What If We Ran Universities Like Wikipedia?
Pickens writes "Do university bureaucracies still make sense in the era of networks? At the recent Educause conference, David J. Staley laid out the findings of a focus group he conducted asking educators what a college would look like if it operated like Wikipedia. The 'Wiki-ized University' wouldn't have formal admissions, says Staley; people could enter and exit as they wished and the university would consist of voluntary and self-organizing associations of teachers and students 'not unlike the original idea for the university, in the Middle Ages.' In addition, the curriculum of the 'Wiki-ized University' would be intellectually fluid, and instead of tenure, professors' longevity 'would be determined by the community.' Staley predicts that a new form of academic organization is emerging that will be driven by volunteerism. 'We do see some idea today of how "volunteer teaching" might look: think of the faculty at a place like the University of Phoenix. Most teaching faculty have day jobs — and in fact are hired because they have day jobs — and teach at the university for a nominal stipend,' writes Staley. 'If something like the Phoenix model is what develops in a wiki-ized university setting, this would suggest that a new type of "professorate" will emerge, consisting of those who teach or publish or conduct research for their own personal or professional satisfaction or for some other nonmonetized benefit.'"

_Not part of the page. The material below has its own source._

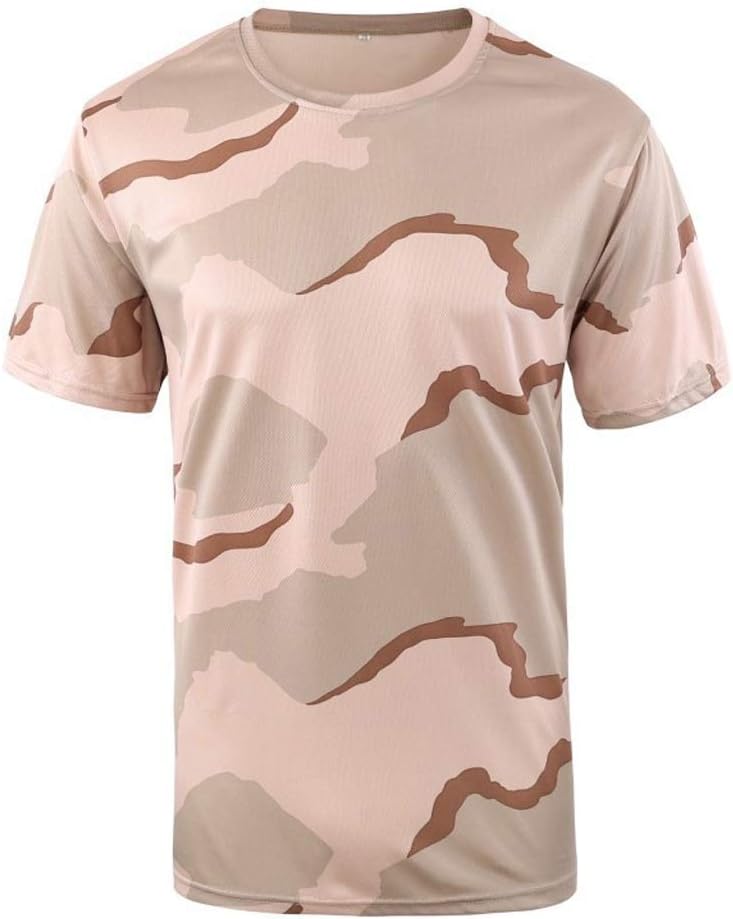 NSUQOA JSEIAJB Quick Dry Camouflage T Shirt Men O-Neck Short Sleeve Breathable Tee Tops Camo Fitness T-Shirts(E,S Code) - Image 4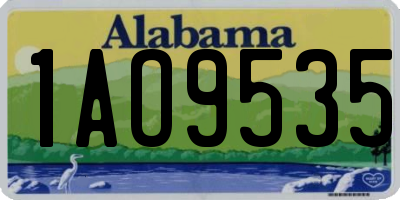AL license plate 1AO9535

The University of Phoenix has an interesting delima. They have a goal of offering as much opportunity as possible (lax admission standards), because it is profitable. I am an MBA student with the University of Phoenix, because I live in the middle of BFE, and drank way too much beer during my undergraduate program several years ago and graduated with a 2.5, which took a lot of schools off-the-table without a stellar GMAT score. Because of their lax standards of admission, they sign on a lot of students who simply cannot handle the program. I was enrolled on Academic Probation in which I had to maintain a 3.0 through the first four classes. During those classes, the quality of my classmates quickly improved as those who were not committed or incapable of the work dropped.
Phoenix gets penalized for giving students like me an opportunity to try to be successful in the program, but having a high failure rate when those students don't cut it in a program that is comparable to a lot of state-school MBA programs.
Forgive my spelling from time to time. I'm often posting during short breaks.